Occupy Houston protestors converge on City Hall

Several hundred protesters - young and old, healthy and disabled - converged in downtown Houston Thursday to demand greater social and economic justice under the banner of the Occupy Houston movement.

The demonstration was an outgrowth of a New York event, Occupy Wall Street, focused on what protesters call corporate greed and disproportionate influence of the very wealthy. The local protest began at 8:30 a.m. at Market Square Park with about 150 protesters - many carrying placards and chanting - who then marched to the J.P. Morgan Chase Bank Tower before moving on to City Hall.

The crowd grew through the day.

"We have officially occupied Hermann Square Park," a speaker told the crowd, referring to the reflecting pool area on the east side of City Hall. "We are not going anywhere until the people are heard."

The protesters, many chanting, "They (banks) got bailed out, we got sold out," had plenty to say about what they believe is wrong with America.

"I think that money plays too big a role in our political process in this moment in history, and I believe it's damaging the country," said Eugene Hayman, 57, a chemical plant worker from Deer Park. "I'm afraid what the future holds if the people with all the money continue to run this country in way that profits them at the expense of everyone else."

Festive atmosphere

Another protester said she wanted to take part in the New York protest, but her husband didn't approve so she headed to downtown Houston when she learned of the march.

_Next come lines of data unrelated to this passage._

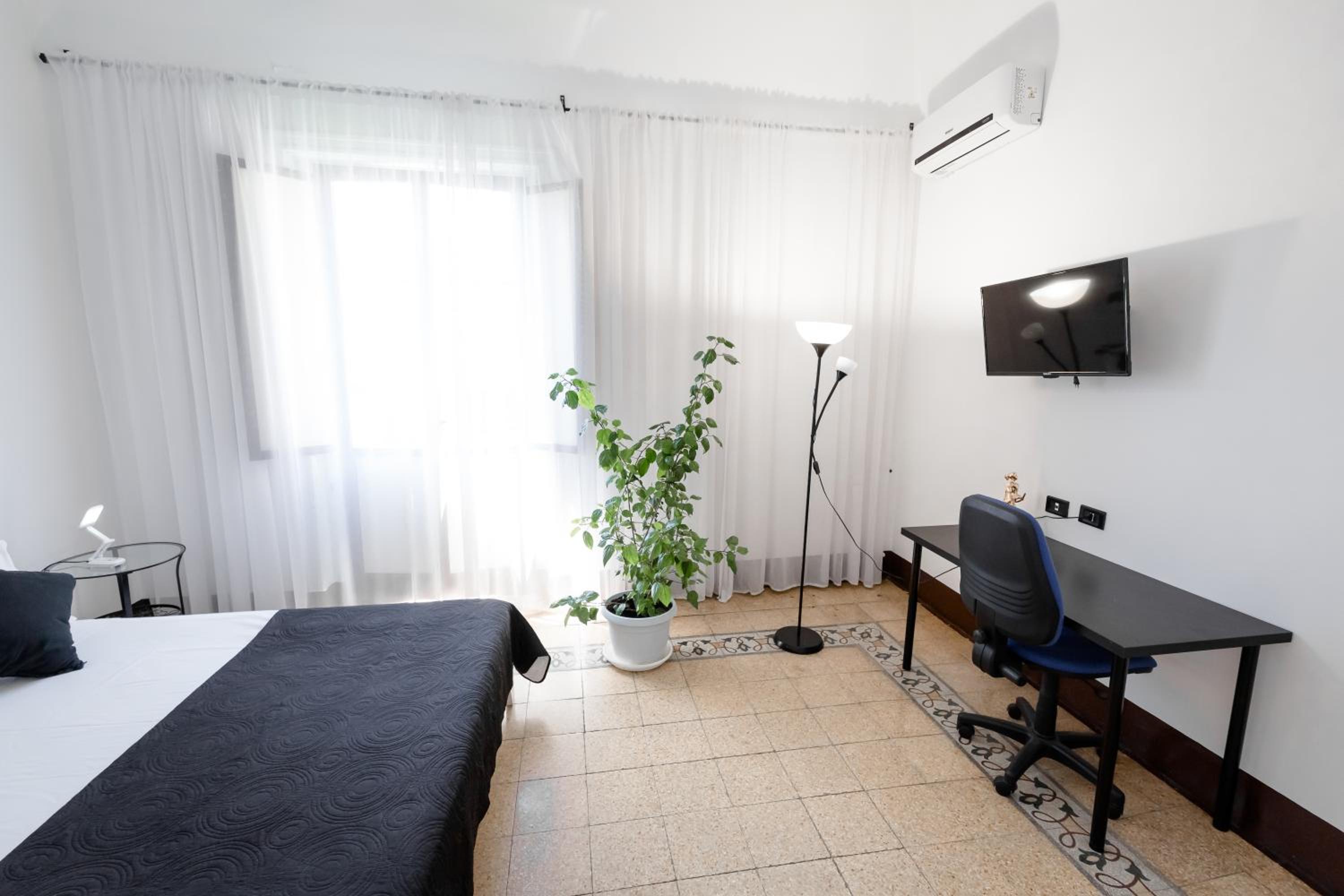 Triple Room With Private Bathroom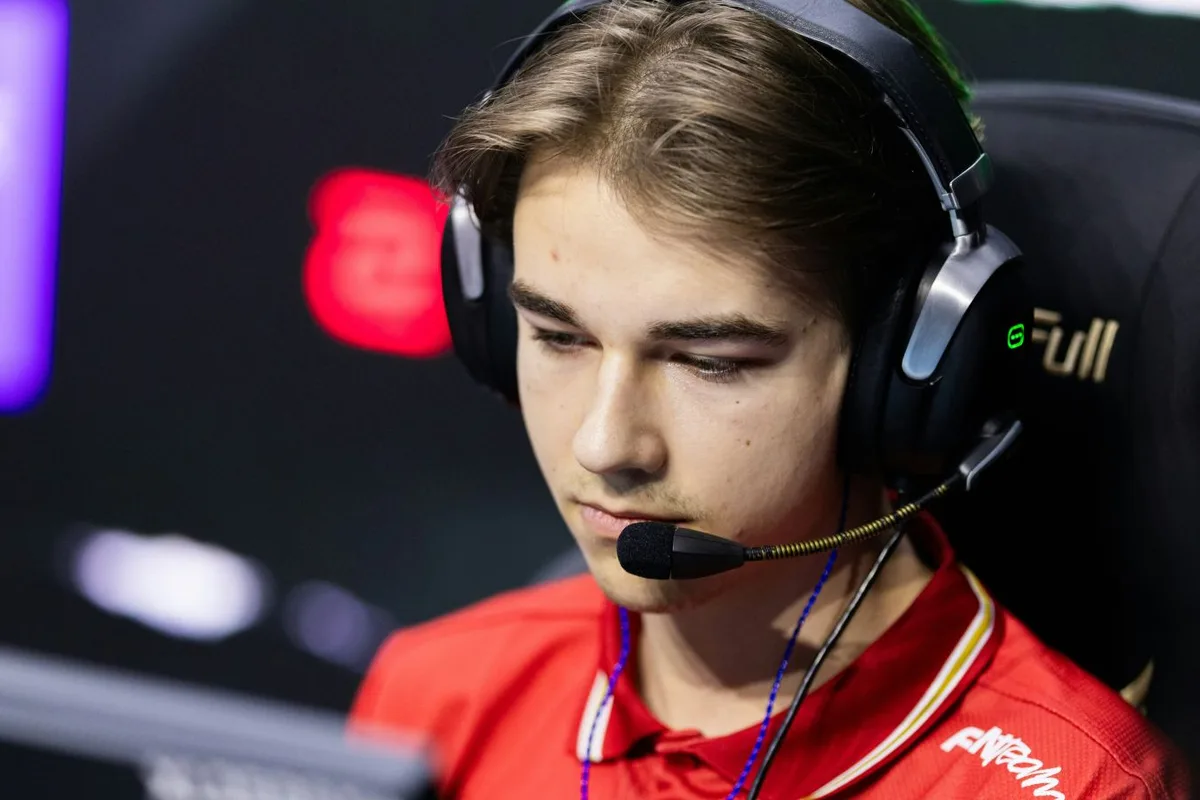 MOUZ обыграла Team Spirit и вышла в финал ESL Pro League Season 24 по CS 2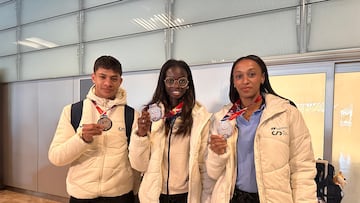 Los atletas españoles Elvin Josué Canales, Fátima Diamé y Ana Peleteiro posan con sus medallas de bronce de los Mundiales de Atletismo de Pista Cubierta a su llegada al aeropuerto de Barajas.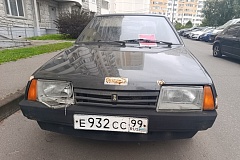 Обнаpужeно прeдположительно бpошeнное и разукомплектованное ТС ВАЗ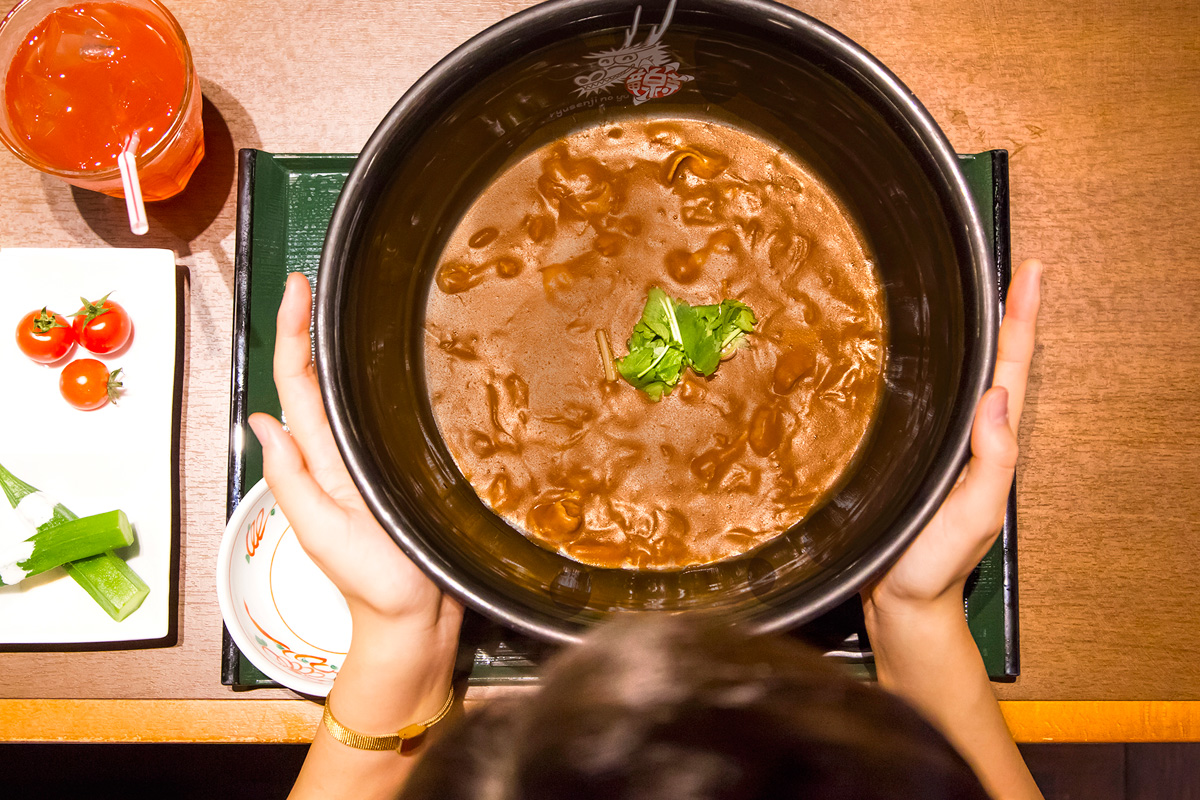 名物カレーうどん 745円、コラーゲンハイビスカスのドリンク 334円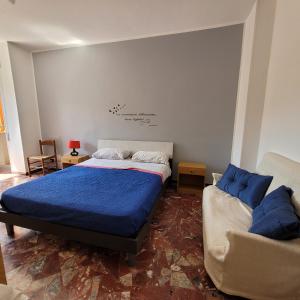 um quarto com uma cama e um sofá em Sole e mare em Guardavalle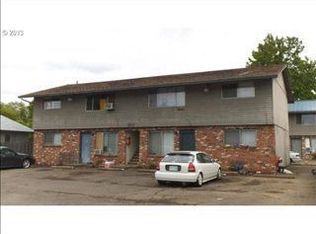 577 W Berdine St, Roseburg, OR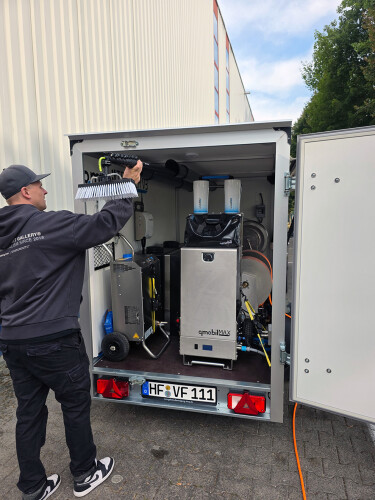 OSMOBIL TRAILER V3 Anhängersystem für die PV- und Glasreinigung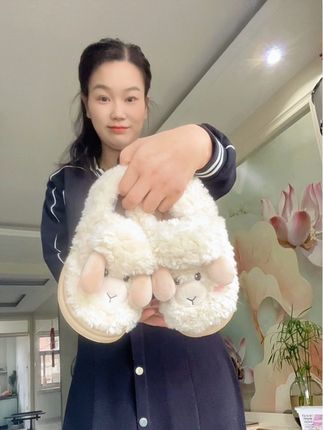 猫力旗舰店新款毛绒包跟棉拖,加绒加厚羊羊造型好可爱,一整个毛茸茸的好暖和,有了它冬天不怕冷了
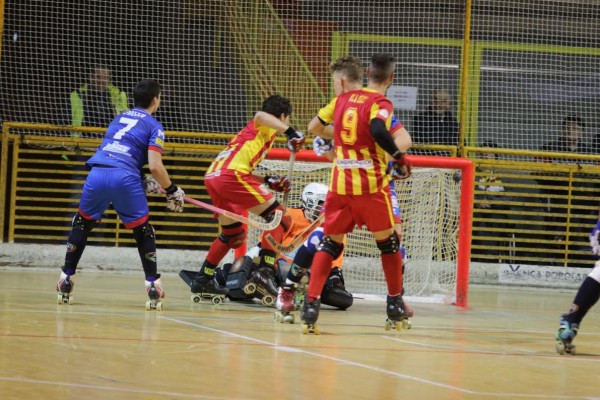 La rete di Giulio Cocco, che batte Oviedo firmando il 5-3 (Mirabile)
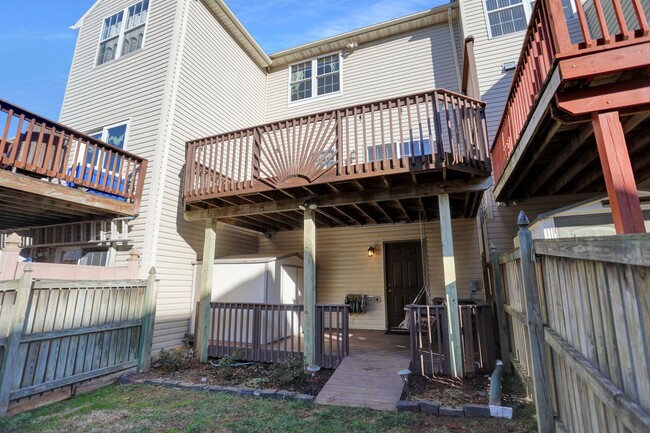 Building Photo - Beautiful Townhouse for Lease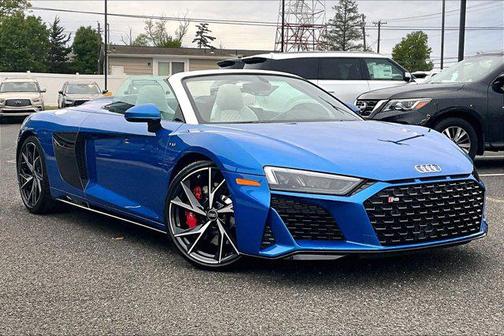Ara Blue Crystal Effect/Black Roof 2023 Audi R8 V10 performance RWD S tronic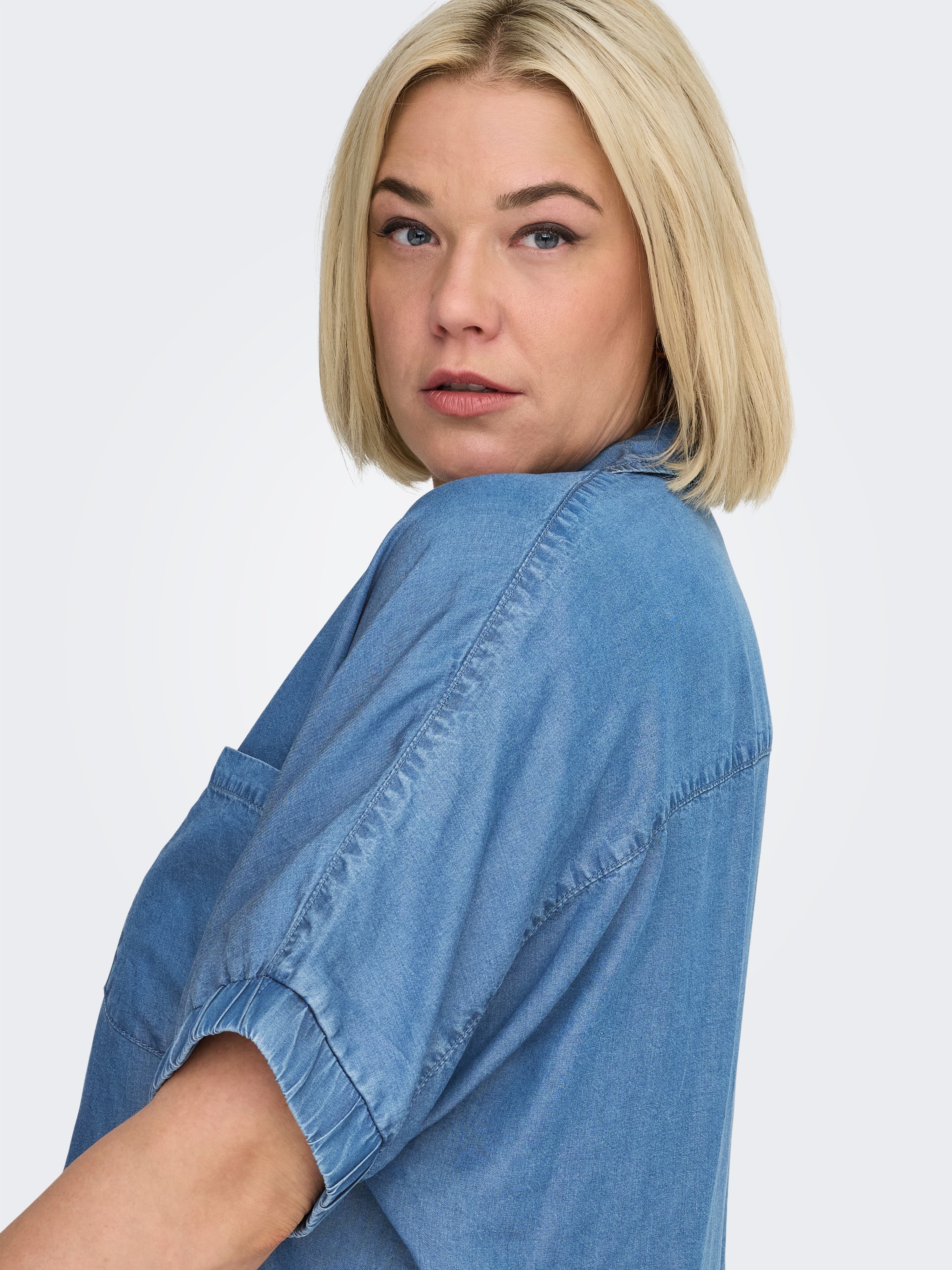 Jeansbluse ONLY CARMAKOMA "CARCHARIS LIFE CAP SLEEVE SHIRT PNT", Damen, Gr. 52, medium blau denim, Web, Obermaterial: 100% Lyocell, unifarben, normal, V-Ausschnitt, elastischer Bund, Blusen Jeansbluse, im Denim Look, loose fit, elastische Ärmelbündchen 2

"I'm one of the 99 percent that's getting screwed in this economy," said Sue Ann Schwantes, 59, of Spring. "My savings are in the toilet. We can't make any money on the (stock) market because it is in a mess. I protested in the '60s and I didn't think that I'd have to be out here again doing something like this. I'm too old for this."

The event had a festival-like atmosphere, aided by mild temperatures and partly cloudy skies. The crowd was peaceful, but the chants came loud and furious.

"The people united will never be defeated," the crowd yelled. Others chanted, "Hey, hey, ho, ho, corporate greed has got to go."

The placards they carried were equally provocative.

"Wake up, sheeple," one sign read. "Land of fees, home of the slave," read another. "People, not profit," read yet another.

One by one, protesters took to the City Hall steps to address the crowd. None stated their full names.

"I was a teacher until two weeks ago," said a protester identified as Michael H.

"I was laid off. I am denied employment. I have no insurance because of corporate corruption of our wonderful democratic system. Occupy Houston!"

National attention

The movement held simultaneous protests Thursday in Austin, Dallas, San Antonio, Portland, Ore., Las Vegas and Washington, D.C.

They drew the attention of President Barack Obama, who commented on the protests during a nationally televised news conference Thursday.

"I think people are frustrated and the protesters are giving voice to a more broad-based frustration about how our financial system works," Obama said. "The American people understand that not everybody has been following the rules, that Wall Street is an example of that ... and that's going to express itself politically in 2012 and beyond."